我试图按此顺序删除:11,12,13,21,22,23,31,32,33 并保持空列表。 在开始时我尝试了常规删除,但后来我明白你必须使用int进行删除而且你不能使用这个对象,所以我开始使用枚举函数,但是我看到了另一个问题。 它是删除但不是整个列表的一部分。 有没有办法按此顺序删除?
b = [[['11'],['12'],['13']],[['21'],['22'],['23']],[['31'],['32'],['33']]]
for i,index in enumerate(b):
for j,jindex in enumerate(index):
print(b)
jindex = jindex[j+1:]
index = index[i+1:]
print(b)
print('\nnew try\n\n')
b = [[['11'],['12'],['13']],[['21'],['22'],['23']],[['31'],['32'],['33']]]
for i,index in enumerate(b):
for j,jindex in enumerate(index):
print(b)
del jindex[j::]
del b[i::]
print(b)
print('\nnew try\n\n')
b = [[['11'],['12'],['13']],[['21'],['22'],['23']],[['31'],['32'],['33']]]
for i,index in enumerate(b):
for j,jindex in enumerate(index):
print(b)
del jindex[j]
del index[i]
print(b)
print('\nnew try\n\n')
b = [[['11'],['12'],['13']],[['21'],['22'],['23']],[['31'],['32'],['33']]]
for i,index in enumerate(b):
for j,jindex in enumerate(index):
print(b)
del b[i][j]
del b[i]
print(b)
我的输出:
[[['11'], ['12'], ['13']], [['21'], ['22'], ['23']], [['31'], ['32'], ['33']]]
[[['11'], ['12'], ['13']], [['21'], ['22'], ['23']], [['31'], ['32'], ['33']]]
[[['11'], ['12'], ['13']], [['21'], ['22'], ['23']], [['31'], ['32'], ['33']]]

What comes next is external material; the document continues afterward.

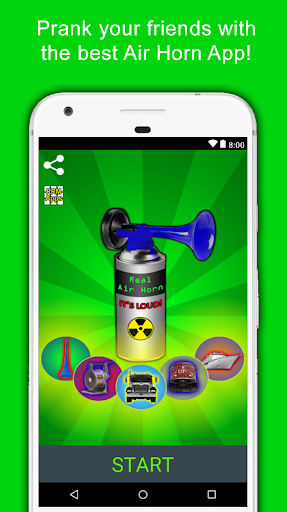 Air Horn Prank (Loud Joke) - Image screenshot of android app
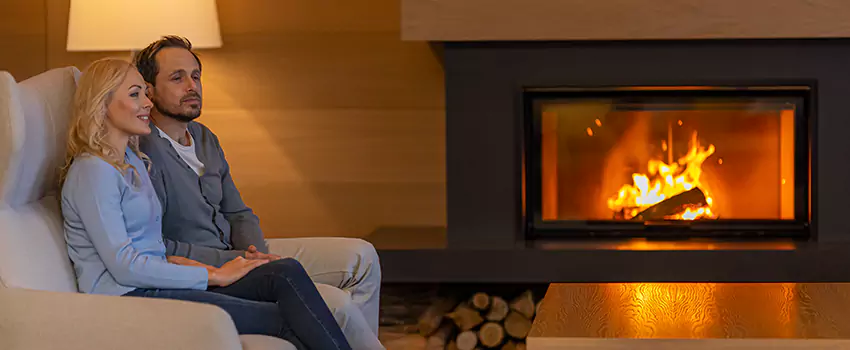 Ravelli Group Convection Fireplaces Installation in Angleton, Texas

[[['11'], ['12'], ['13']], [['21'], ['22'], ['23']], [['31'], ['32'], ['33']]]
[[['11'], ['12'], ['13']], [['21'], ['22'], ['23']], [['31'], ['32'], ['33']]]
[[['11'], ['12'], ['13']], [['21'], ['22'], ['23']], [['31'], ['32'], ['33']]]
[[['11'], ['12'], ['13']], [['21'], ['22'], ['23']], [['31'], ['32'], ['33']]]
[[['11'], ['12'], ['13']], [['21'], ['22'], ['23']], [['31'], ['32'], ['33']]]
[[['11'], ['12'], ['13']], [['21'], ['22'], ['23']], [['31'], ['32'], ['33']]]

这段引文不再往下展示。